17. The combination of claim 10, wherein the multiple radially-extending tracks of the support member comprise multiple radially-extending rails disposed in respective channels in the surface of the support member.

18. The combination of claim 17, wherein a location of the multiple engagement fingers is infinitely adjustable during expansion or contraction of the jaws between the contracted and the expanded positions of the jaws.

19. A method of fabricating an adjustable fastener tool for engaging a socket head, the method comprising:

providing a support member with a central opening in a surface of the support member with multiple radially-extending tracks extending radially outward along the surface relative to the central opening;

providing multiple engagement fingers, the multiple engagement fingers being associated with, and slidable along, the multiple radially-extending tracks of the support member, the multiple engagement fingers including at radially inner ends thereof jaws with respective contact surfaces for engaging the socket head, and the multiple radially-extending tracks of the support member each constrain a respective engagement finger of the multiple engagement fingers to radial movement along the surface of the support member during an expansion of the jaws or a contraction of the jaws between contracted and expanded positions; and

providing an adjustment mechanism residing, at least in part, within the central opening in the support member, and coupled to the multiple engagement fingers, the adjustment mechanism facilitating adjusting location of the multiple engagement fingers, including the jaws, along the multiple radially-extending tracks, and the adjustment mechanism comprising: an actuating member; and multiple hinged trusses, a hinged truss of the multiple hinged trusses being hingedly coupled at one end to the actuating member and hingedly coupled at an other end to a respective engagement finger of the multiple engagement fingers, wherein movement of the actuating member results, via the hinged truss, in slidable movement of the respective engagement finger along its associated radially-extending track.

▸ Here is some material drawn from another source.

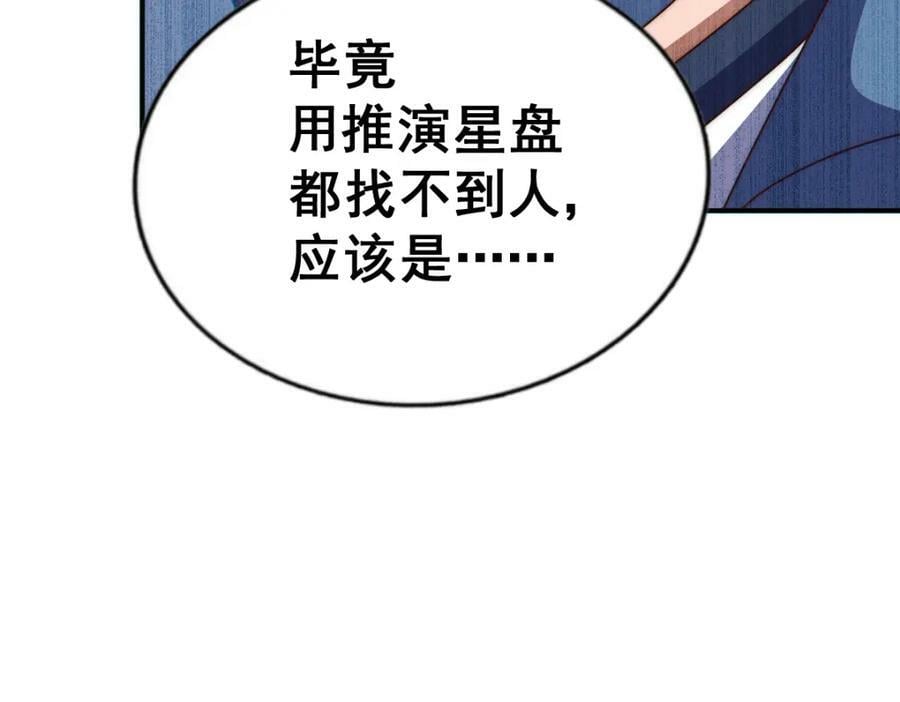 第235话 扮演夫妻178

20. The method tool of claim 19, wherein the actuating member comprises:

a central shaft; and

a truss support member, the central shaft supporting the truss support member, wherein each hinged truss of the multiple hinged trusses is hingedly coupled at one end to the truss support member and hingedly coupled at another end to a respective engagement finger of the multiple engagement fingers, and movement of the truss support member using the central shaft results in a uniform sliding of the multiple engagement fingers along the multiple radially-extending tracks.